▶ Task objective:
Go to the line below that has "Customization options sliding", print it and each line after it exactly, and stop after the line that has "Drept Financiar Si Fiscal - Nita Nelu.2023"; leave out pictures.

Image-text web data
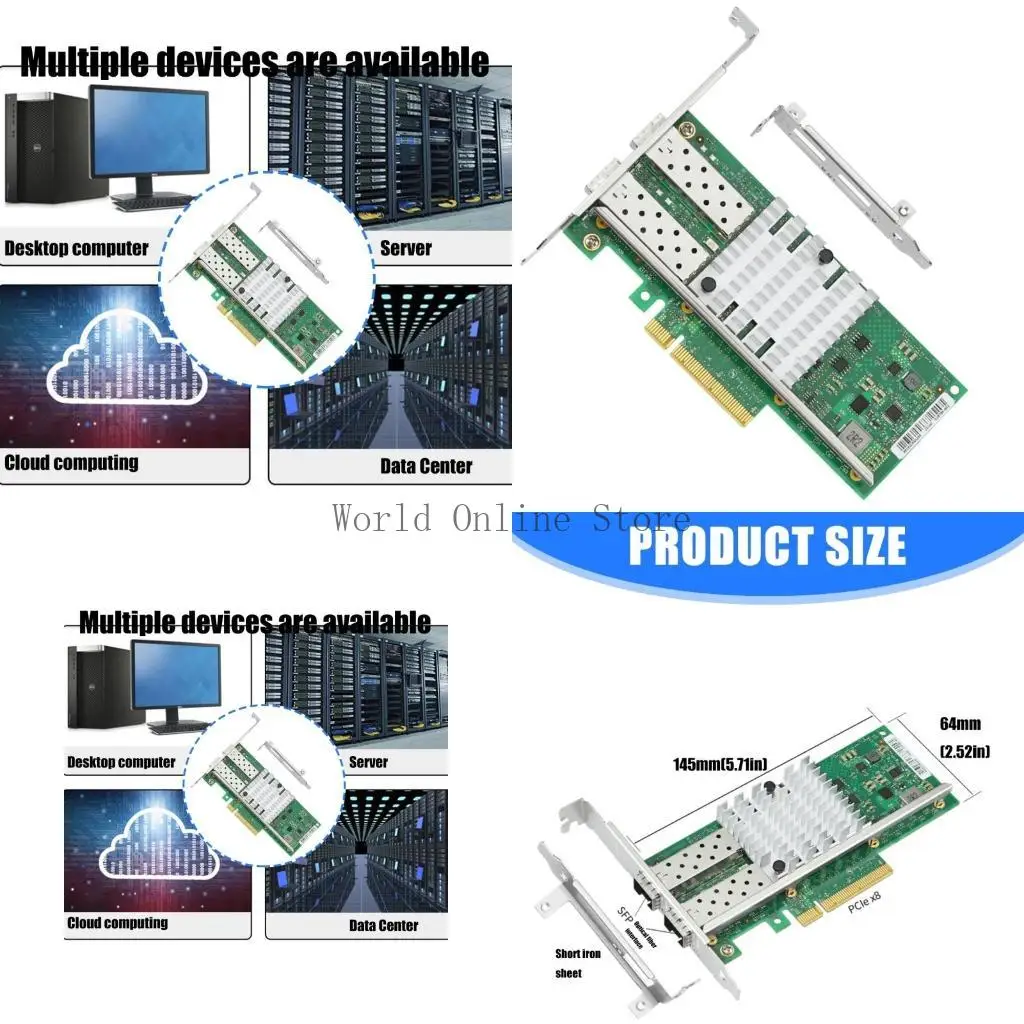 

КАРТА FAST SPEED 10GBIT PCIE ETHERNET с низкой задержкой, оптимизированной для HPC и видео приложений 87HC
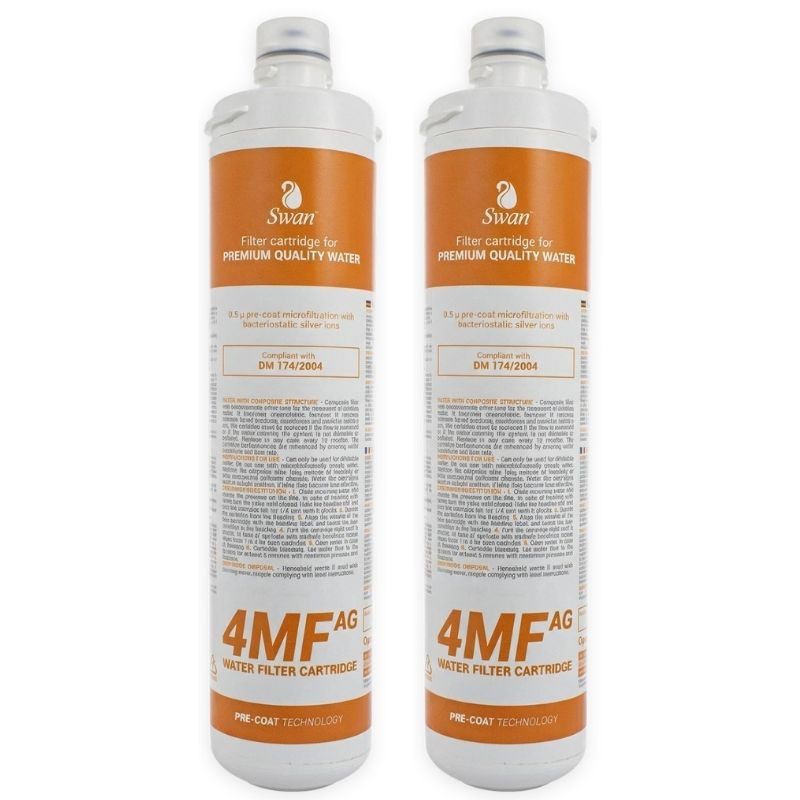 Scatola da 2 pezzi filtro acqua SWAN 4MFAG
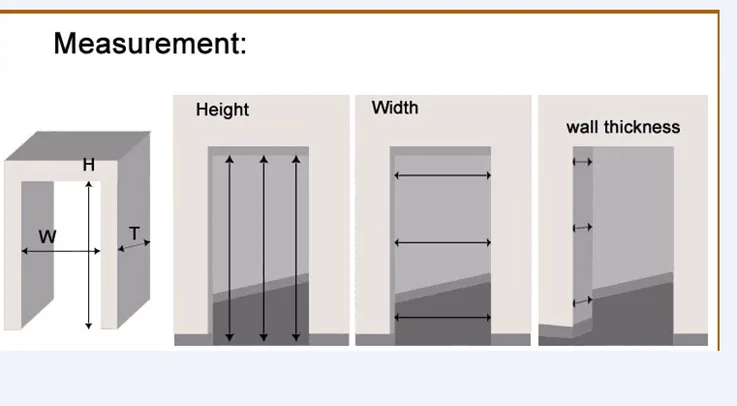 Customization options sliding barn door standard size for barn door with durability MDF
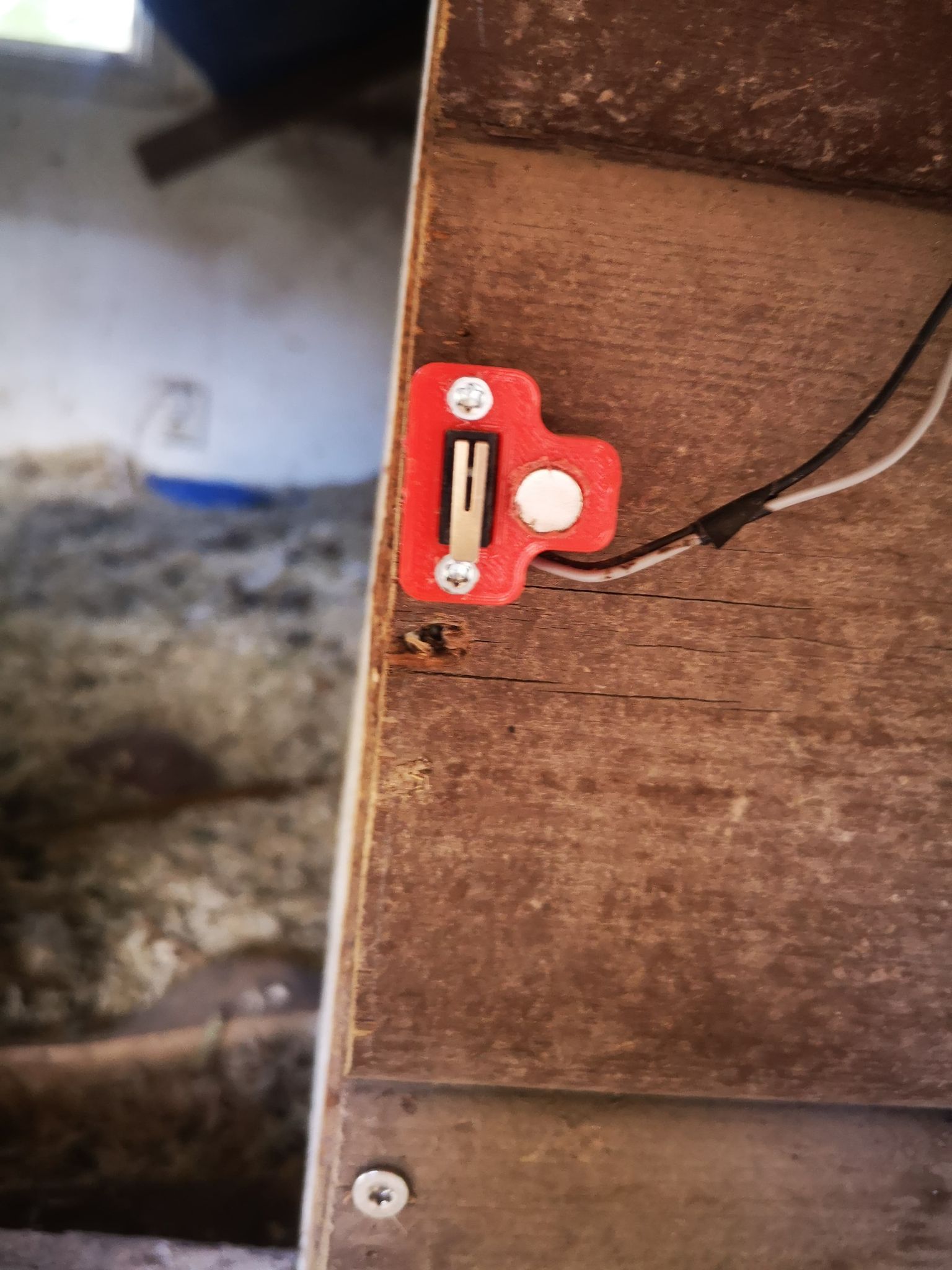 Mount for Micro Switch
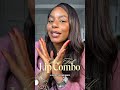 Yay or nay? Glossy lip combo for fall 🍂🤎 #lipcombo #fyp #fallmakeup #makeup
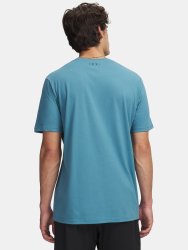 Футболка Under Armour WM Locker Tag SS Man Blue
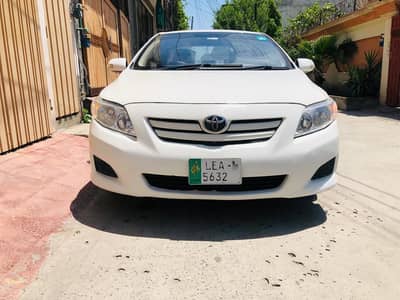 Toyota corolla XLI 2009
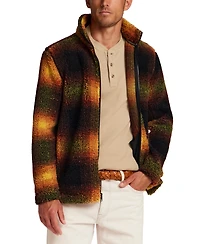 Weatherproof Vintage Men's Print Berber Fleece Jacket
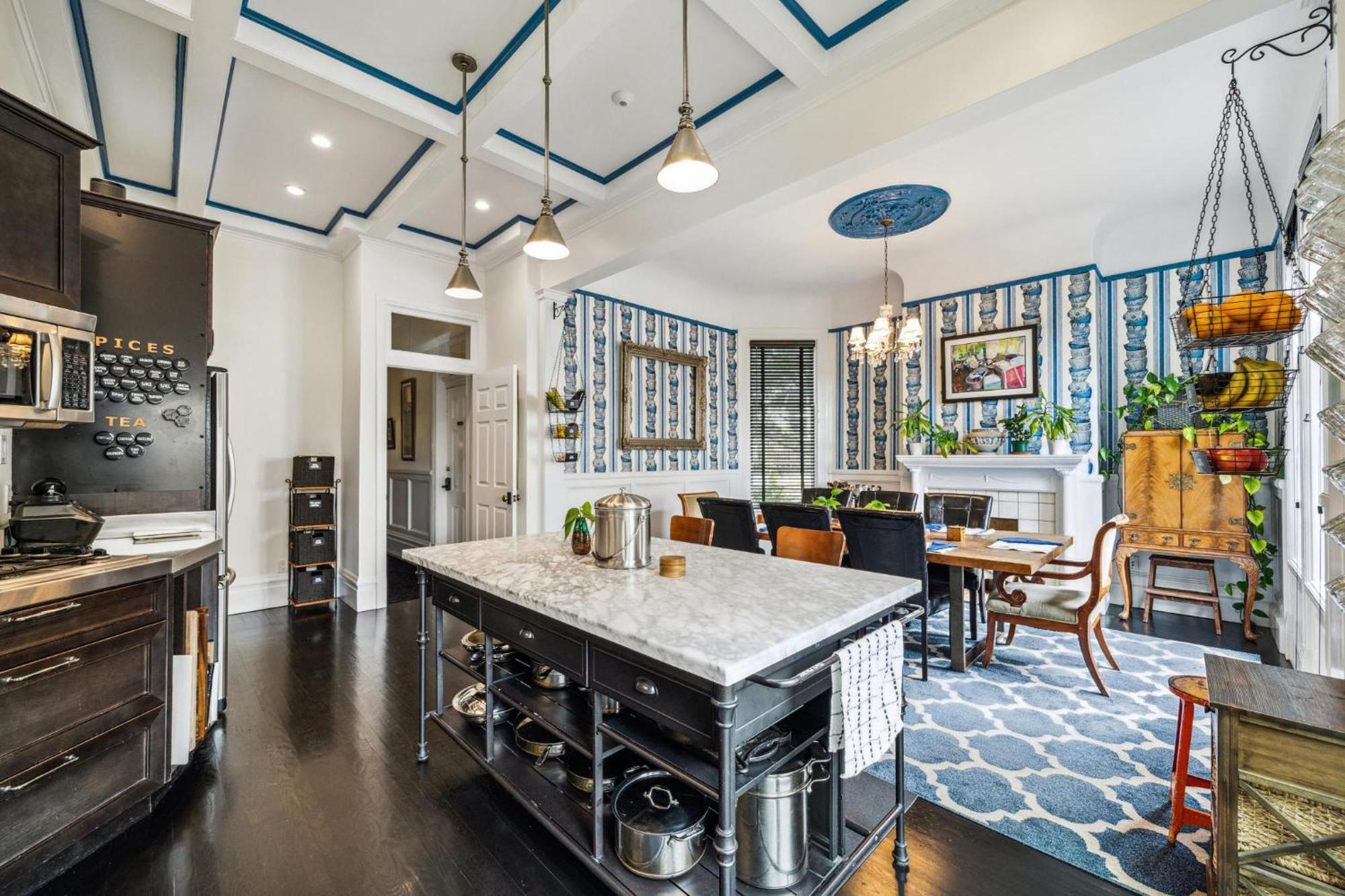 Historic & Charming Victorian Home Sleeps 11 São Francisco Exterior foto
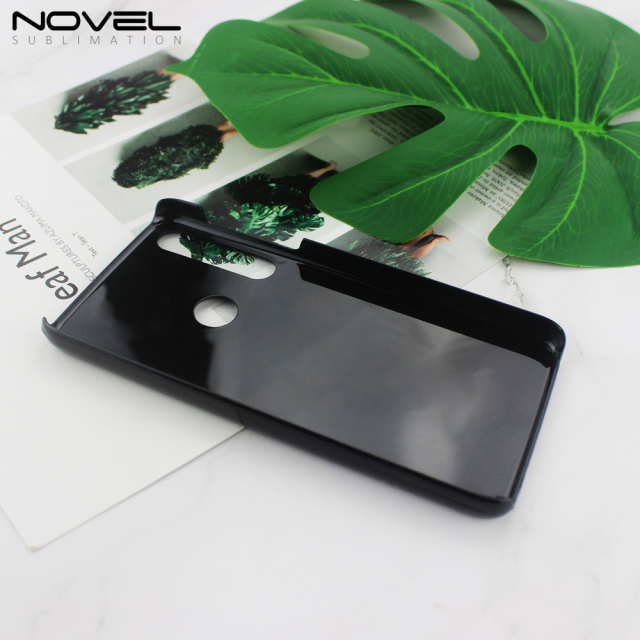 Blank 2D Sublimation Plastic Mobile Phone Cover For Moto G8 Play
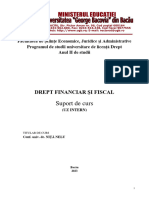 Drept Financiar Si Fiscal - Nita Nelu.2023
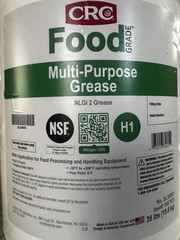CRC Sta-Lube SL35605 Multi-Purpose Food Grade Grease 35 lb Pail – NEW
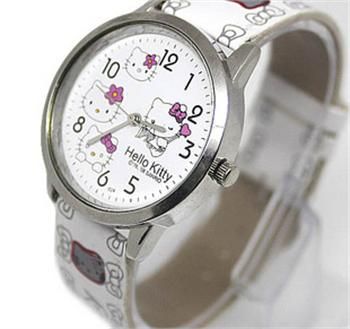   Kids Quartz HelloKitty Students Girl Children Ladies Wrist Watch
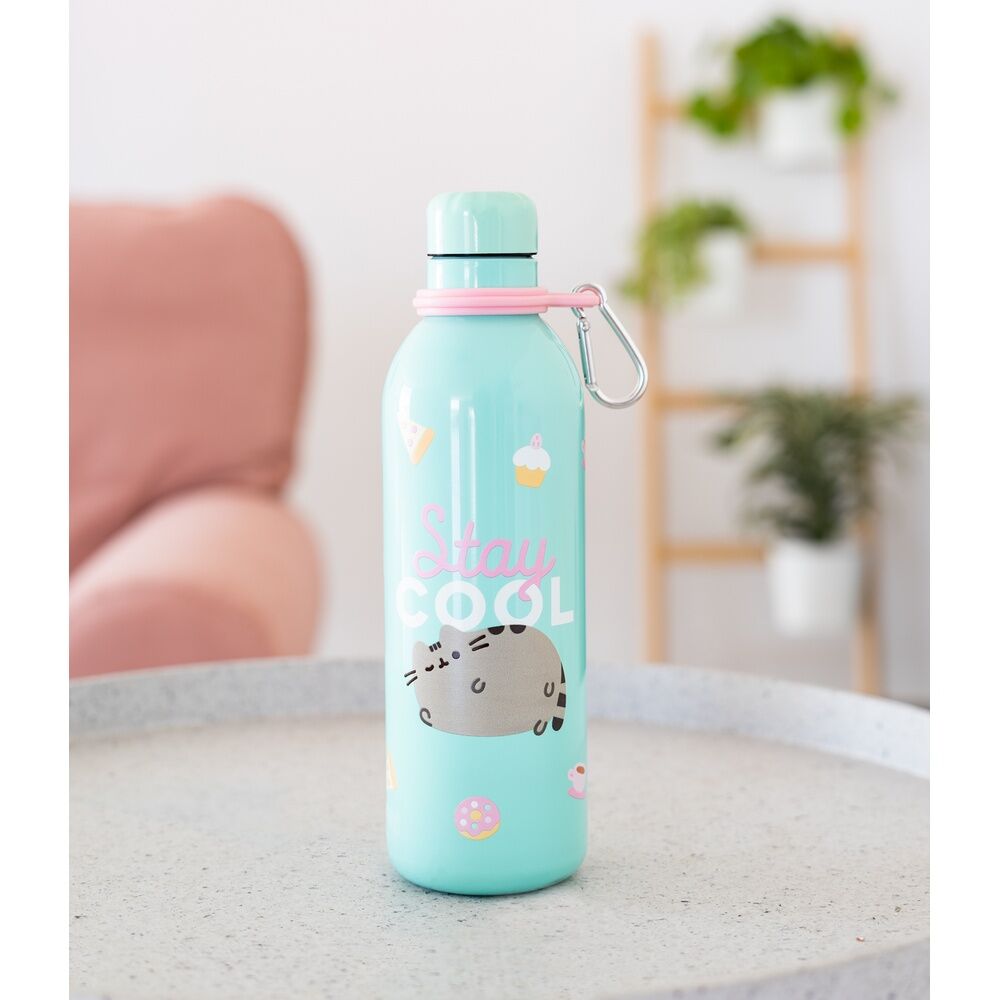 Pusheen Foodie Stainless steel bottle 500ml Nerdscape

▶ Your solution:
 Customization options sliding barn door standard size for barn door with durability MDF
 Mount for Micro Switch
 Yay or nay? Glossy lip combo for fall 🍂🤎 #lipcombo #fyp #fallmakeup #makeup
 Футболка Under Armour WM Locker Tag SS Man Blue
 Toyota corolla XLI 2009
 Weatherproof Vintage Men's Print Berber Fleece Jacket
 Historic & Charming Victorian Home Sleeps 11 São Francisco Exterior foto
 Blank 2D Sublimation Plastic Mobile Phone Cover For Moto G8 Play
 Drept Financiar Si Fiscal - Nita Nelu.2023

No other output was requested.